UConn’s Ryan Boatright celebrates during the Huskies recent win over Cincinnati at the XL Center. UConn and Cincinnati will both receive payouts of about $20-30 million as part of a settlement that allows the Catholic 7 to take the Big East name and form their own conference this summer.

The University of Connecticut is one of three Big East schools receiving an estimated $20-30 million as part of a settlement between the holdover football schools and the seven departing basketball schools.

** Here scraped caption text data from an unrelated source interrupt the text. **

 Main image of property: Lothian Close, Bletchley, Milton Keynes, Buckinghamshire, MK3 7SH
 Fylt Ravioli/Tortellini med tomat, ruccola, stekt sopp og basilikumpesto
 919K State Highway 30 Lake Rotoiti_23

The agreement, which will be finalized later this week, allows the seven basketball schools known as the Catholic 7 – Villanova, Georgetown, Providence, Marquette, St. John’s, DePaul and Seton Hall – to leave and form their own conference this July.

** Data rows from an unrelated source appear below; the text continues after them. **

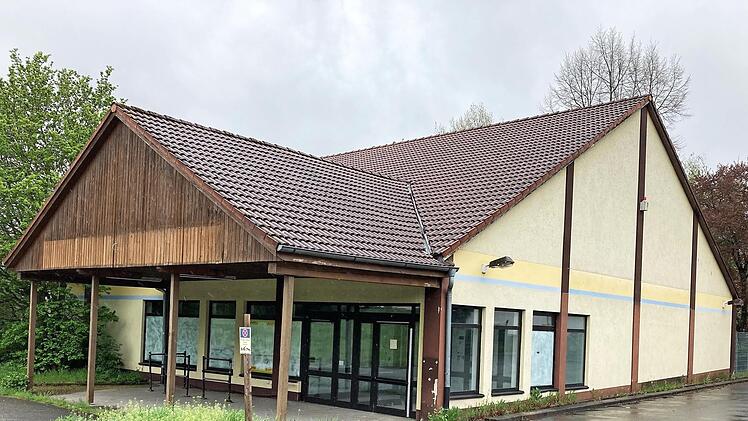 Der ehemalige Supermarkt in Scheuerfeld soll künftig als Magazin fürs Coburger Stadtarchiv dienen. Bis 2023 soll das Gebäude bezugsfertig sein.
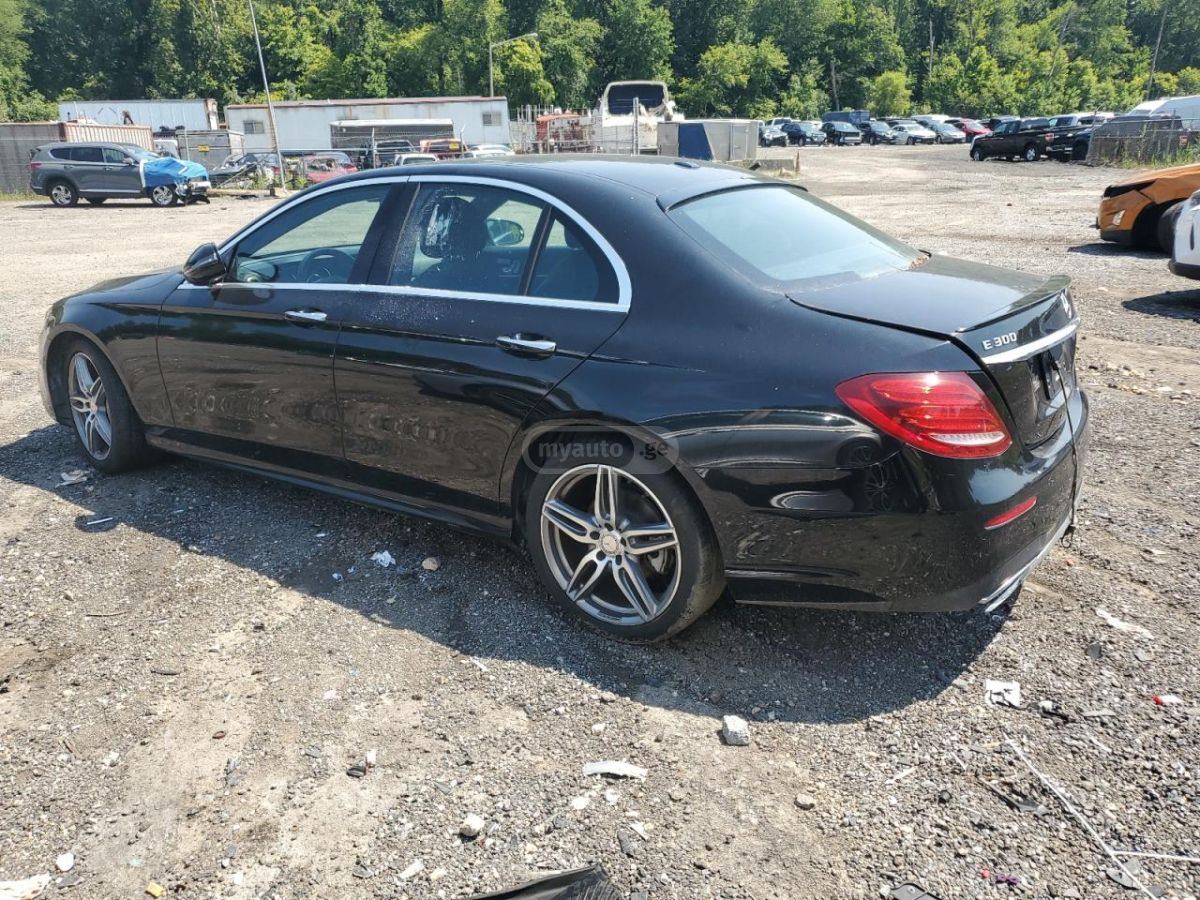 Mercedes-Benz E 300 2017 — photo 2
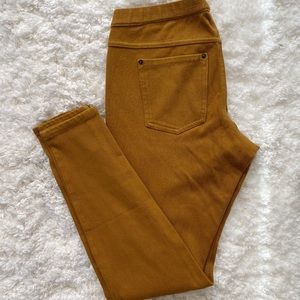 Hue by Macy’s Denim Leggings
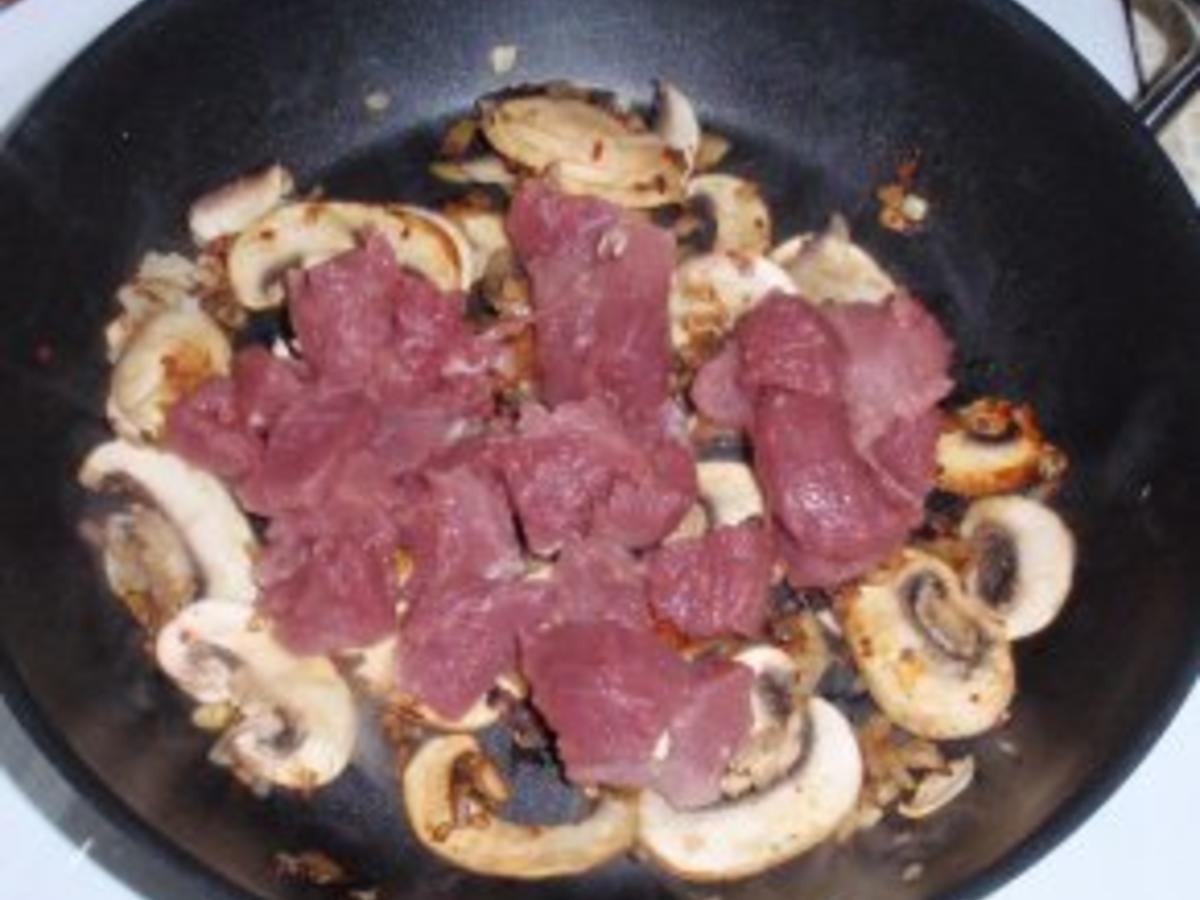 Gemüse-Nudeln mit gebratenen Filetstreifen und Champignons - Rezept ...
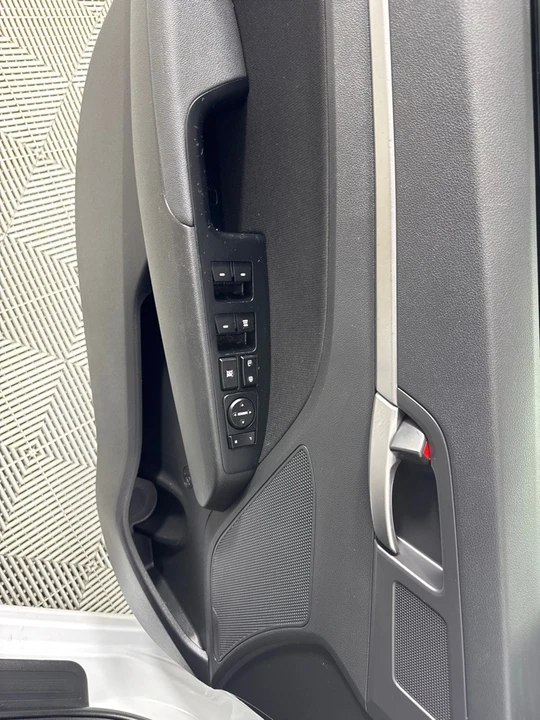 2018 Hyundai Elantra - Image 10 of 12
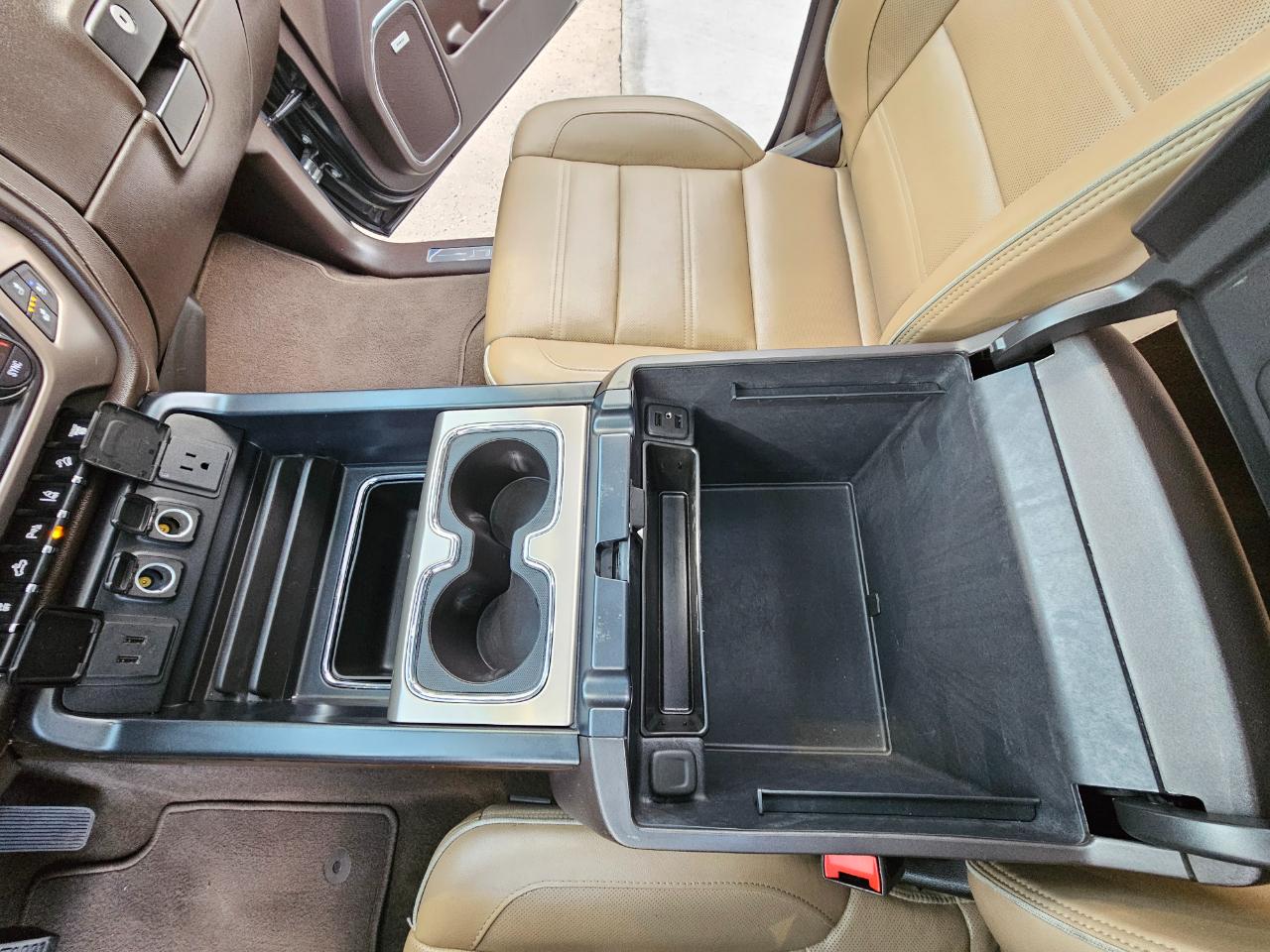 GMC Sierra 3500HD 4WD Crew Cab 153.7" Denali 2018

The seven departing schools and the three holdover Big East football schools – UConn, Cincinnati and South Florida ¬– will divide about $100 million in exit fees, entry fees and NCAA Tournament revenue, with the seven basketball schools taking a significantly smaller cut in order to leave this summer.

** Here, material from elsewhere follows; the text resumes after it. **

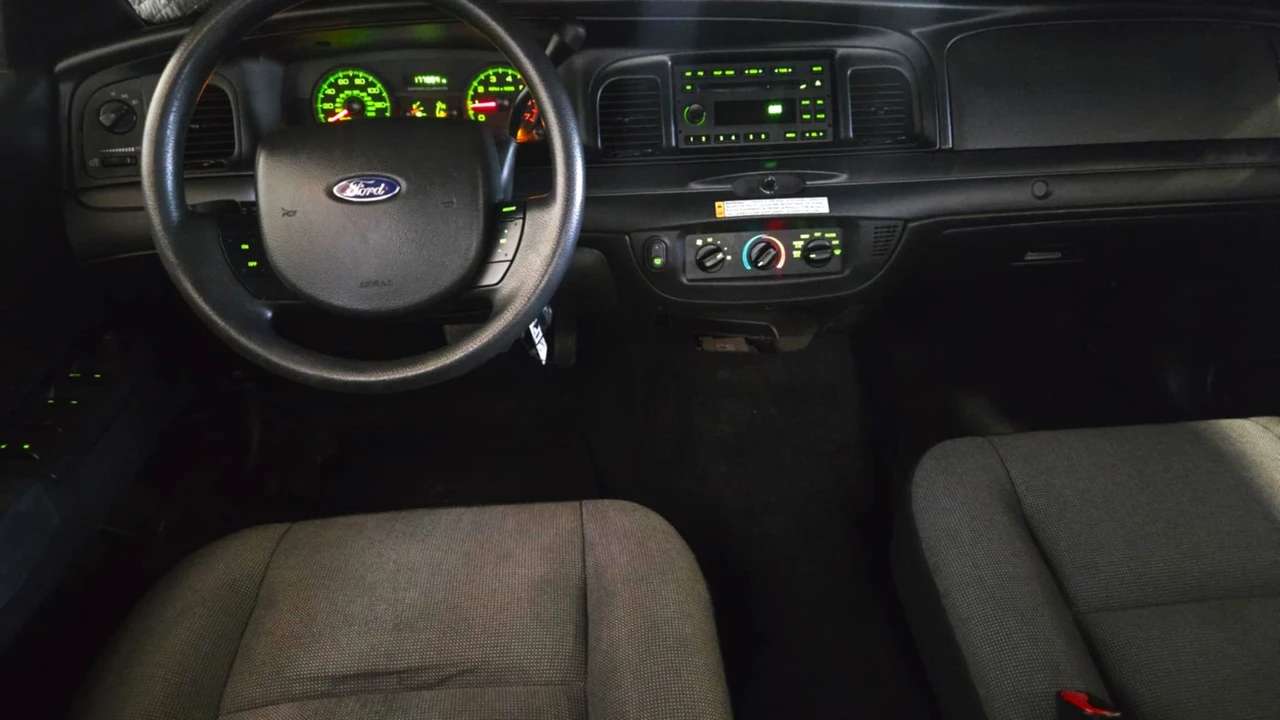 2010 Ford Crown Victoria - Image 9 of 21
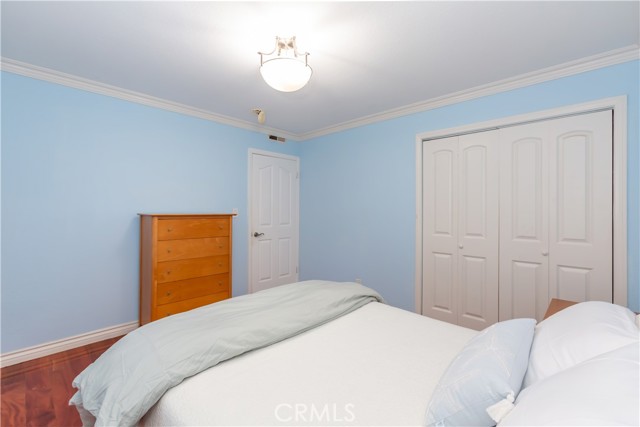 Downstairs S/W Bedroom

The Catholic 7 will receive only $10 million to divide amongst its schools, but it will also receive the Big East name and the contract to play its conference tournament in Madison Square Garden.

UConn, Cincinnati and South Florida will divide the majority of the remaining money for an estimated total of $20-30 million per school. The future members of the new conference – Central Florida, Southern Methodist, Houston, Memphis, Temple, East Carolina, Tulane and Navy – will divide up a smaller portion of the exit fees as compensation for the new television deal, which was not as sizeable as anticipated by the members of the conference.

For UConn, the payout helps to offset the loss of revenue from the new television deal that the now-unnamed conference signed with ESPN on Feb. 23. The new deal will pay the conference $130 million over seven years, a payout of $2 million per year. The current Big East deal with ESPN pays UConn $3 million per year.

Two years ago, the Big East turned down a nine-year, $1.17 billion offer from ESPN, which would have paid UConn about $8 million per year.

Since turning down that deal, 16 schools – including the Catholic 7 – have decided to leave the Big East. Syracuse and Pittsburgh are joining the Atlantic Coast Conference this summer, with Louisville following next year. West Virginia and Texas Christian University (who agreed to join but never did) are now in the Big XII. Rutgers is joining the Big Ten. Boise State and San Diego State were both prepared to join for football only, but decided against joining as a result of the aforementioned moves.

Notre Dame is set to join the ACC in 2014, but with the Catholic 7 now departing this summer, the school will likely apply for an early exit. They are expected to either join the ACC this summer or spend a year in the new Big East.

UConn’s new conference does not yet have a name or a home for its postseason basketball tournament. It is expected that UConn officials will lobby for the tournament to be played at the XL Center in Hartford, the current home of the Big East women’s basketball tournament. Such matters were put on the hold while the television deal and the Catholic 7 negotiations were being handled.

In 2014, the conference will have 11 football members. According to the Hartford Courant, a 12th team could be added for 2015, and Tulsa is a leading candidate.